Now let’s look at the result of indexing with mask_identity=True
.
index = ak.argmax(array, keepdims=True, axis=-1, mask_identity=True)
Because it contains an option type, index
already satisfies rule (2) in Building an awkward index, and we do not need to convert it to a ragged array. We can see that this index succeeds:
array[index]
[[None], [10], [12], [None], [9]] -------- backend: cpu nbytes: 112 B type: 5 * var * ?int64
Here, the missing values in the index array correspond to missing values in the output array.

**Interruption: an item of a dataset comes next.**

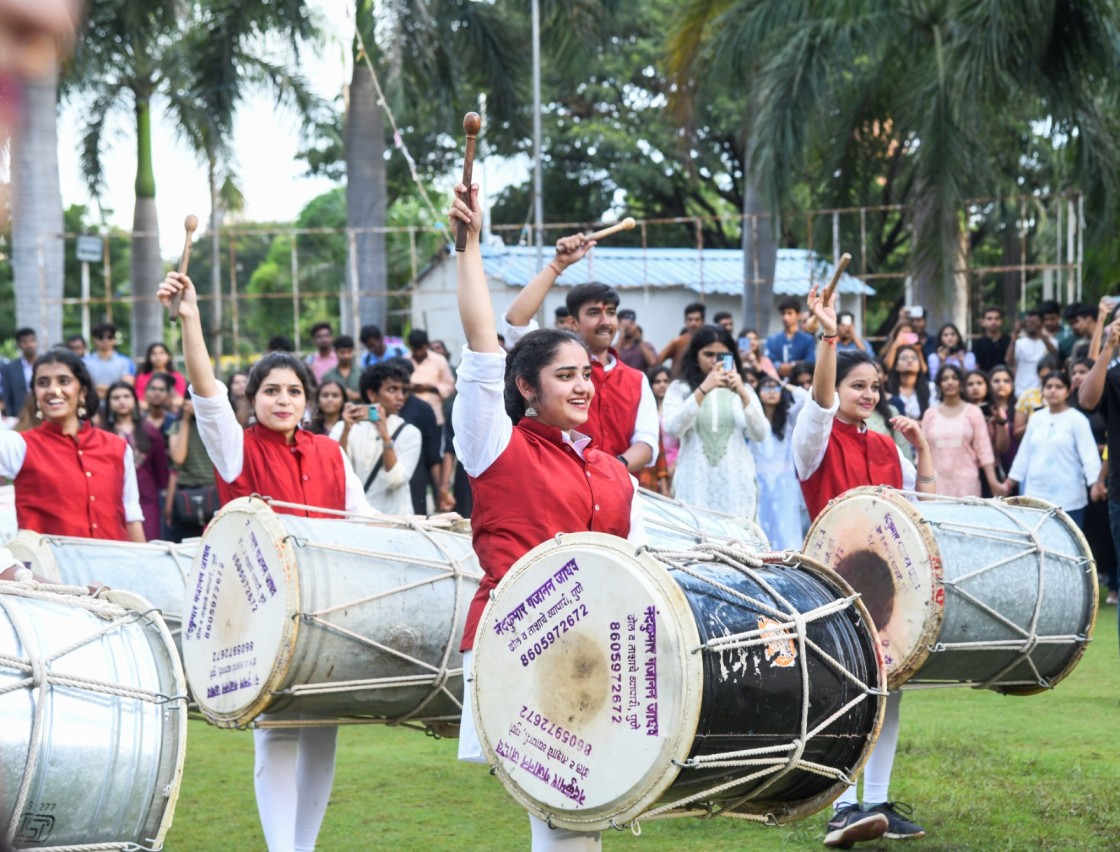 'एमआयटी एडीटी'च्या बाप्पाला निरोप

Indexing with missing sublists#
Ragged indexing also supports using None
in place of empty sublists within an index. For example, given the following array
array = ak.Array(
[
[10, 3, 2, 9],
[4, 5, 5, 12, 6],
[],
[8, 9, -1],
]
)
array
[[10, 3, 2, 9], [4, 5, 5, 12, 6], [], [8, 9, -1]] ------------------ backend: cpu nbytes: 136 B type: 4 * var * int64
let’s use build a ragged index to pull out some particular values. Rather than using empty lists, we can use None
to mask out sublists that we don’t care about:
array[
[
[0, 1],
None,
[],
[2],
],
]
[[10, 3], None, [], [-1]] --------- backend: cpu nbytes: 96 B type: 4 * option[var * int64]

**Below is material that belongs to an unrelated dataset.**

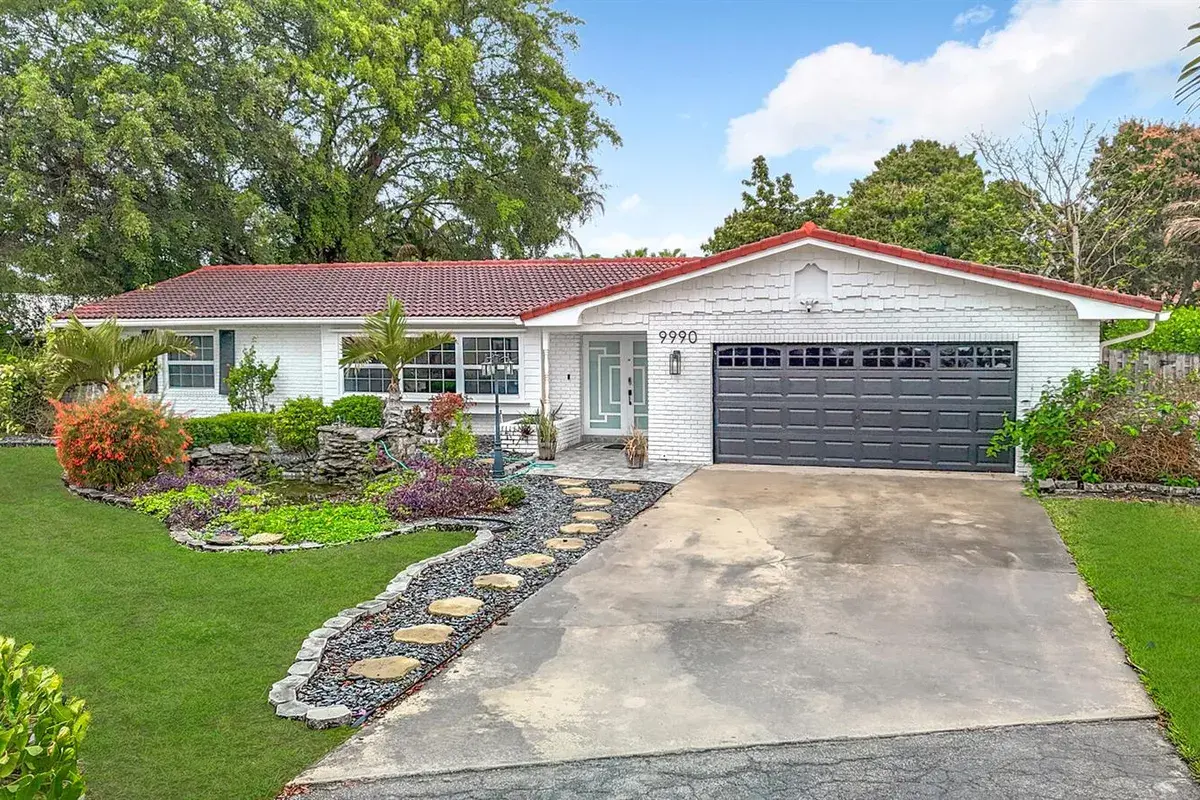 9990 NW 38th Street, Coral Springs FL 33065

If we compare this with simply providing an empty sublist,
array[
[
[0, 1],
[],
[],
[2],
],
]
[[10, 3], [], [], [-1]] --------- backend: cpu nbytes: 64 B type: 4 * var * int64
we can see that the None
value introduces an option-type into the final result. None
values can be used at any level in the index array to introduce an option-type at that depth in the result.